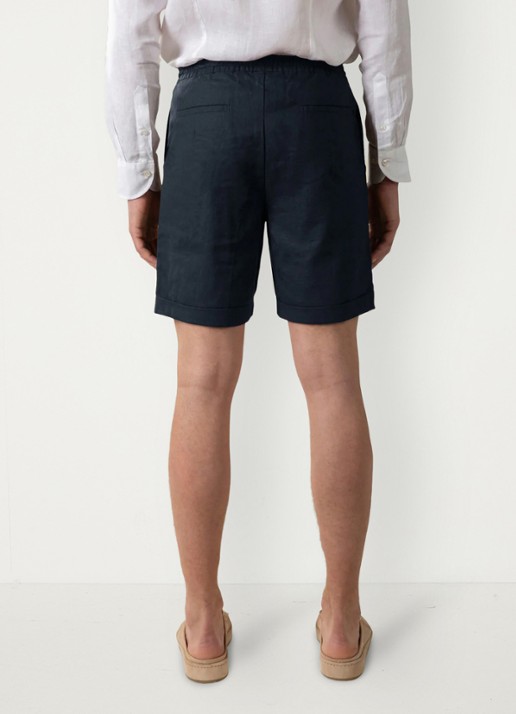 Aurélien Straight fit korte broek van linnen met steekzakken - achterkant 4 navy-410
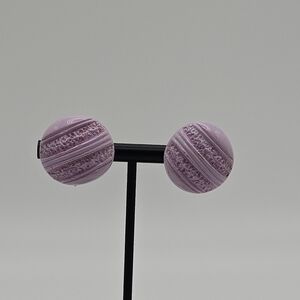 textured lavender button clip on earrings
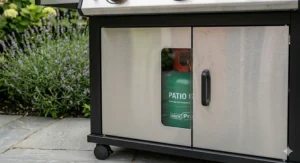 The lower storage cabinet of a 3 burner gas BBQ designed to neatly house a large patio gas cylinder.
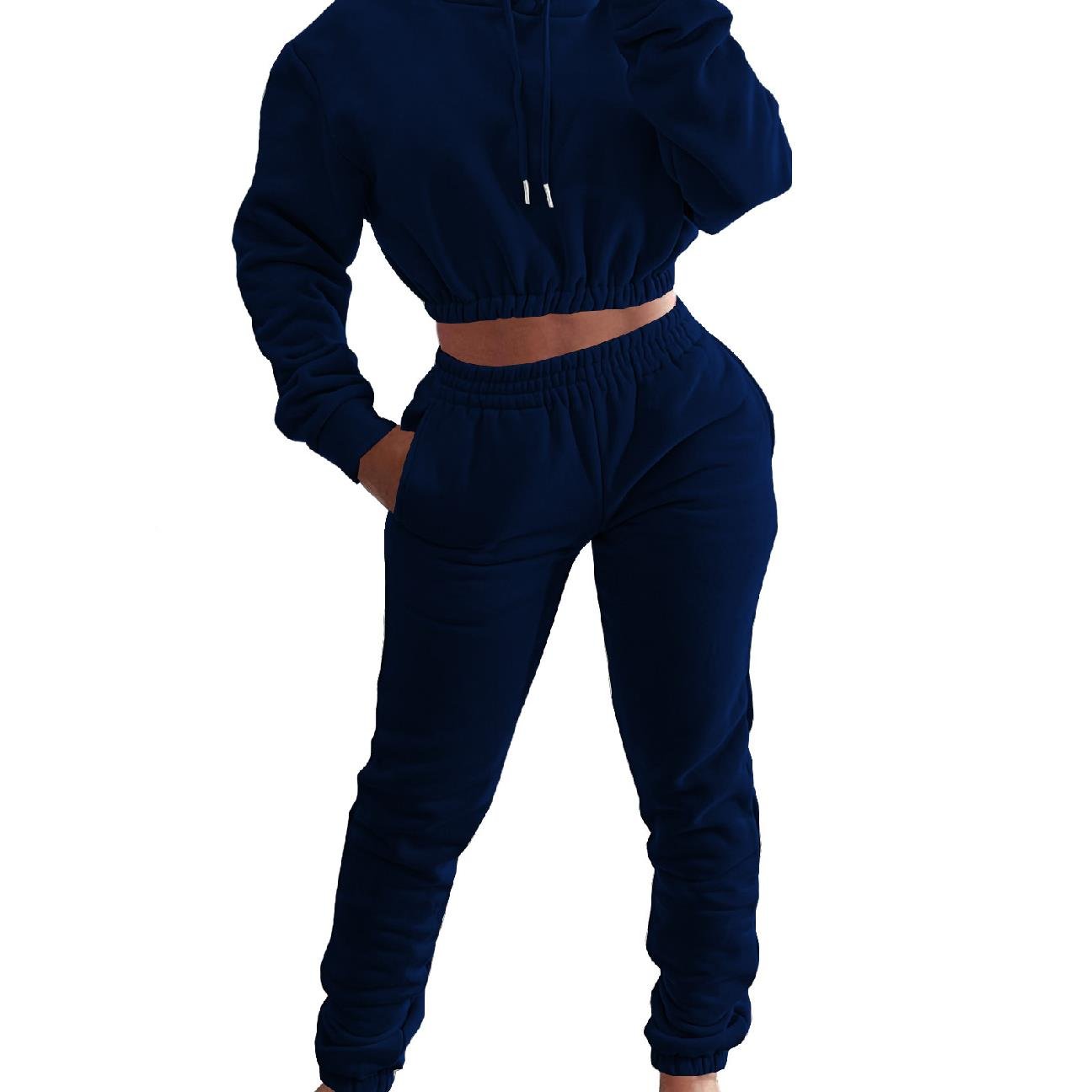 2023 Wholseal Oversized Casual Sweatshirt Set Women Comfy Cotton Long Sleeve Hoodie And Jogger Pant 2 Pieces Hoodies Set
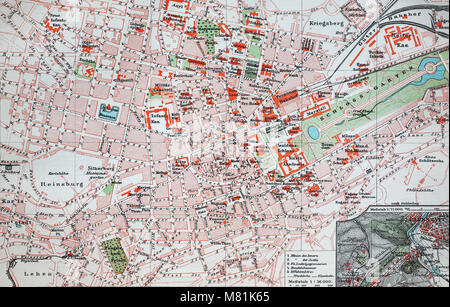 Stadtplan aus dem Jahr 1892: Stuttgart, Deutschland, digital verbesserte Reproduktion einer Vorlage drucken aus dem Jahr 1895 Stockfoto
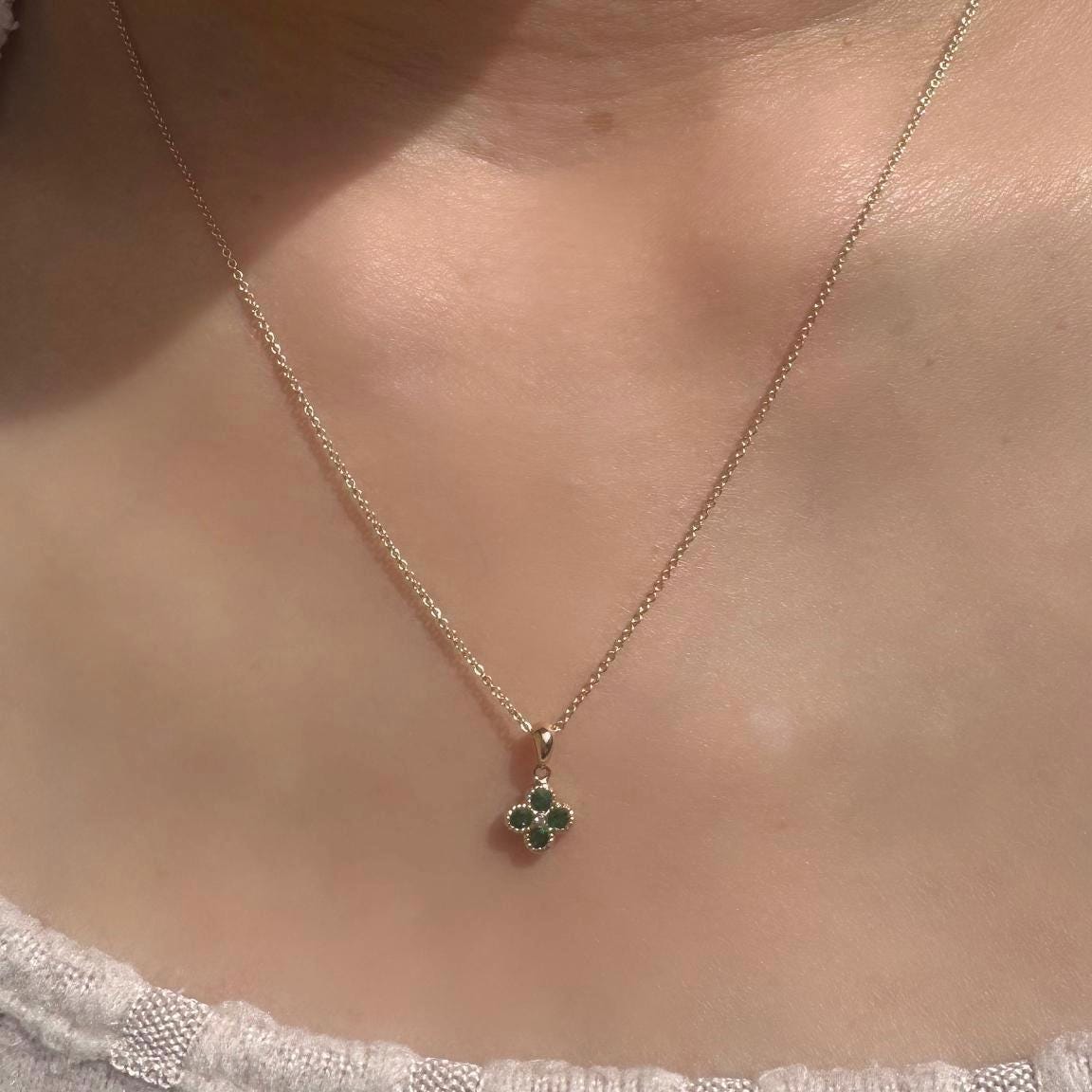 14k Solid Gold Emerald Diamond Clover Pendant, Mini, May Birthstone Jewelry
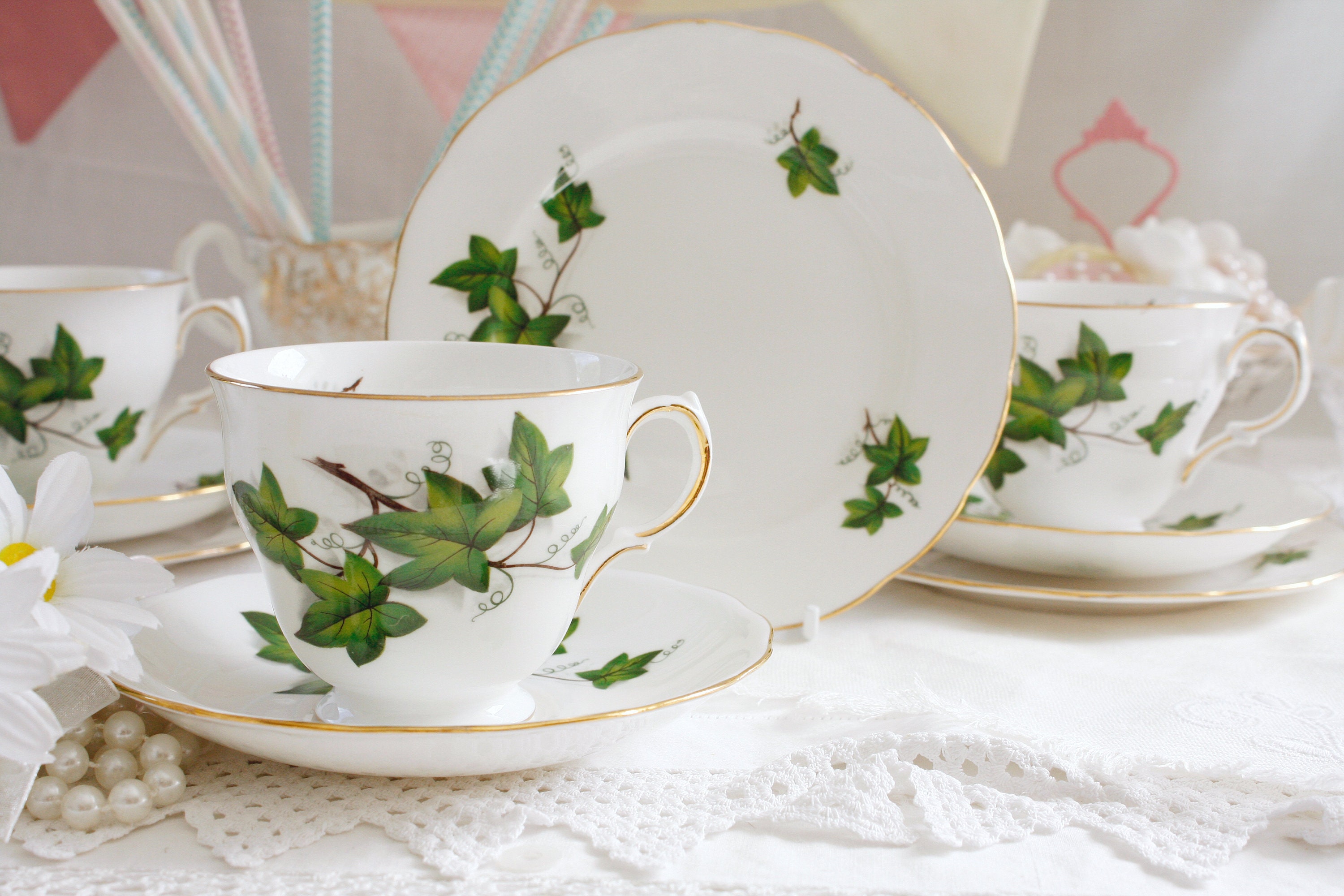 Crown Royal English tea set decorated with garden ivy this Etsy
---
• Exercise prompt
Retype the data word for word and keep the pictures out of it.

• Exercise solution
 Aurélien Straight fit korte broek van linnen met steekzakken - achterkant 4 navy-410
 textured lavender button clip on earrings
 The lower storage cabinet of a 3 burner gas BBQ designed to neatly house a large patio gas cylinder.
 2023 Wholseal Oversized Casual Sweatshirt Set Women Comfy Cotton Long Sleeve Hoodie And Jogger Pant 2 Pieces Hoodies Set
 Stadtplan aus dem Jahr 1892: Stuttgart, Deutschland, digital verbesserte Reproduktion einer Vorlage drucken aus dem Jahr 1895 Stockfoto
 14k Solid Gold Emerald Diamond Clover Pendant, Mini, May Birthstone Jewelry
 Crown Royal English tea set decorated with garden ivy this Etsy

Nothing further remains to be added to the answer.